MATERIAL FOR THIS TASK: Begin

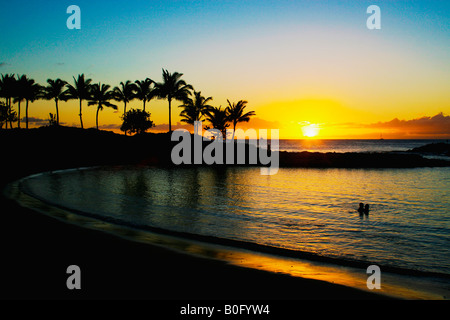 Coppia romantica baciare in una laguna su Oahu, Hawaii, durante un bel tramonto Foto Stock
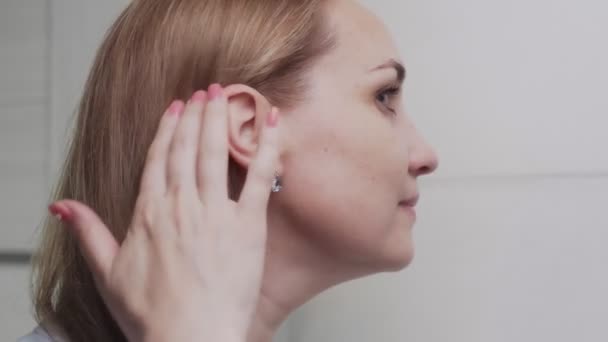 Close-up van elegant jong vrouw kijken naar spiegel en aanraken van haar gezicht in badkamer — Stockvideo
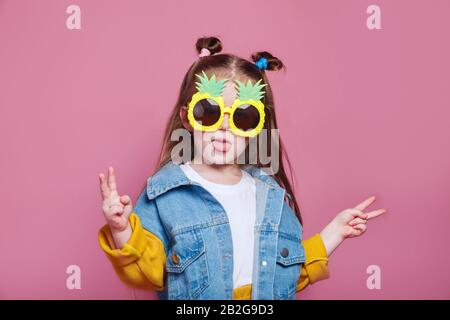 Concept de mode d'été. Petite fille gaie dans de grandes lunettes de soleil ananas sur fond rose Banque D'Images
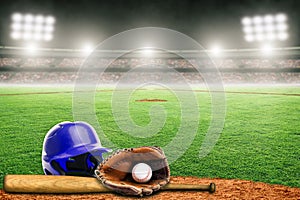 Baseball Helmet, Bat, Glove and Ball on Field in Outdoor Stadium With Copy Space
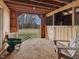 Interior view of a horse stall featuring wood construction, chair, and view to paddock at 1834 Dewitt Smith Rd, Pittsboro, NC 27312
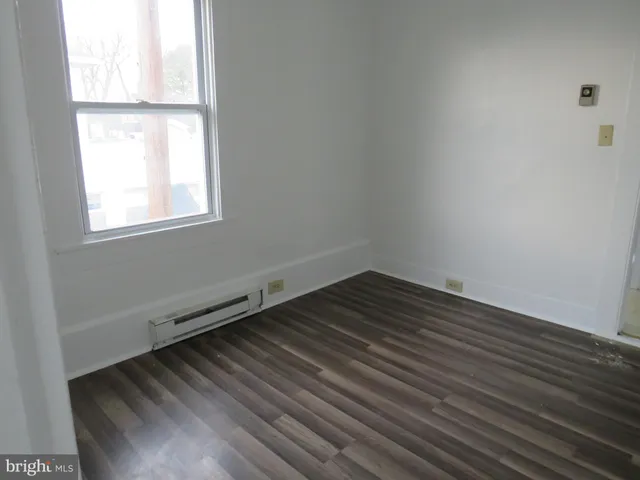 a view of a room with wooden floor and window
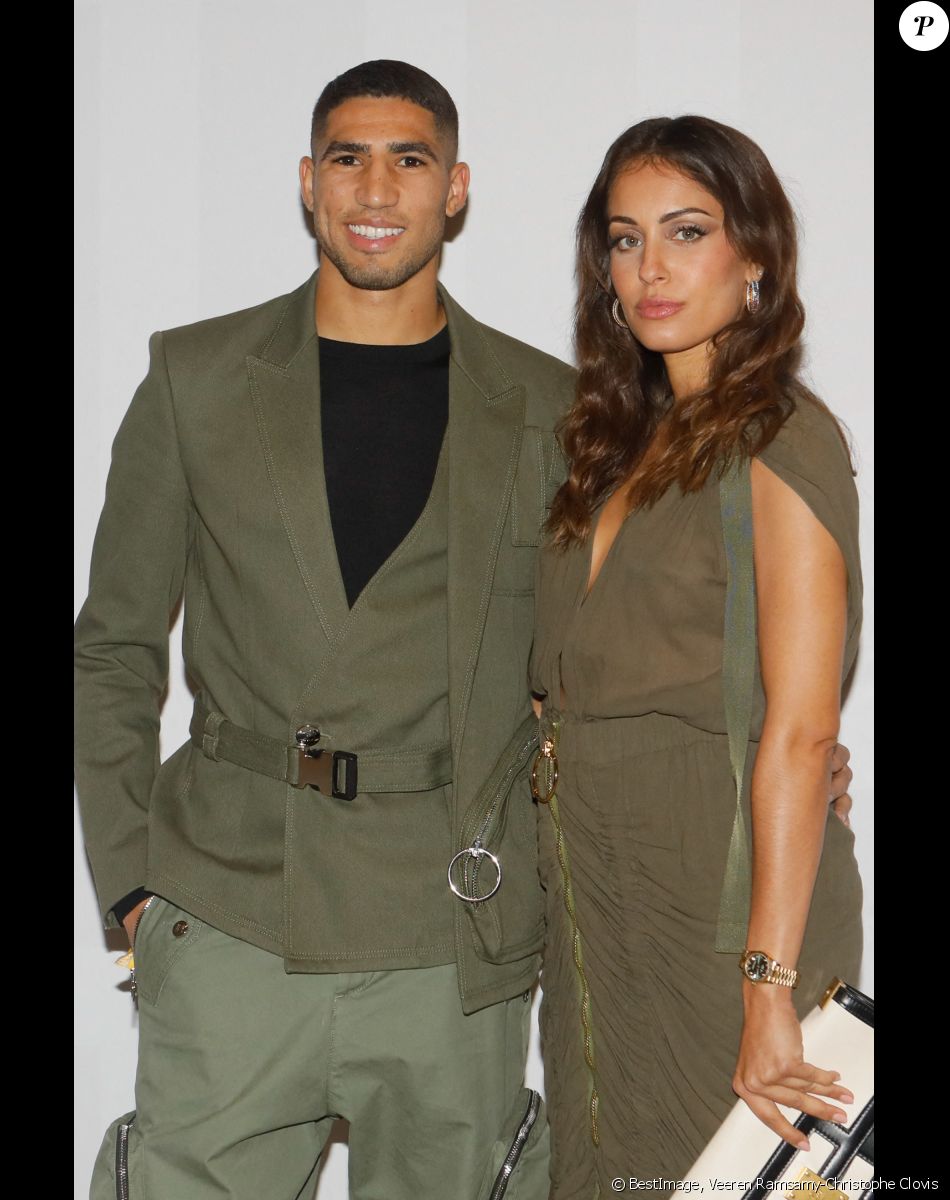 Achraf Hakimi et sa compagne Hiba Abouk - Photocall du défilé de mode Femmes prêt-à-porter printemps-été 2022 "Balmain" à la Seine Musicale à Paris. Le 29 septembre 2021 © Veeren Ramsamy-Christophe Clovis / Bestimage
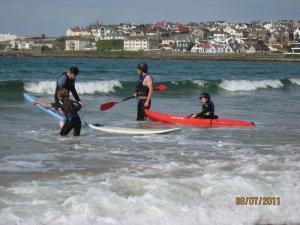 a group of people in the ocean with surfboards at Tranquility Portstewart in Portstewart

MATERIAL FOR THIS TASK: End

#### WORK INSTRUCTIONS
What you give back must match the lines from the start of the records through the line that contains "a view of a", exactly, with the pictures left out.

#### REPLY
 Coppia romantica baciare in una laguna su Oahu, Hawaii, durante un bel tramonto Foto Stock
 Close-up van elegant jong vrouw kijken naar spiegel en aanraken van haar gezicht in badkamer — Stockvideo
 Concept de mode d'été. Petite fille gaie dans de grandes lunettes de soleil ananas sur fond rose Banque D'Images
 Baseball Helmet, Bat, Glove and Ball on Field in Outdoor Stadium With Copy Space
 Interior view of a horse stall featuring wood construction, chair, and view to paddock at 1834 Dewitt Smith Rd, Pittsboro, NC 27312
 a view of a room with wooden floor and window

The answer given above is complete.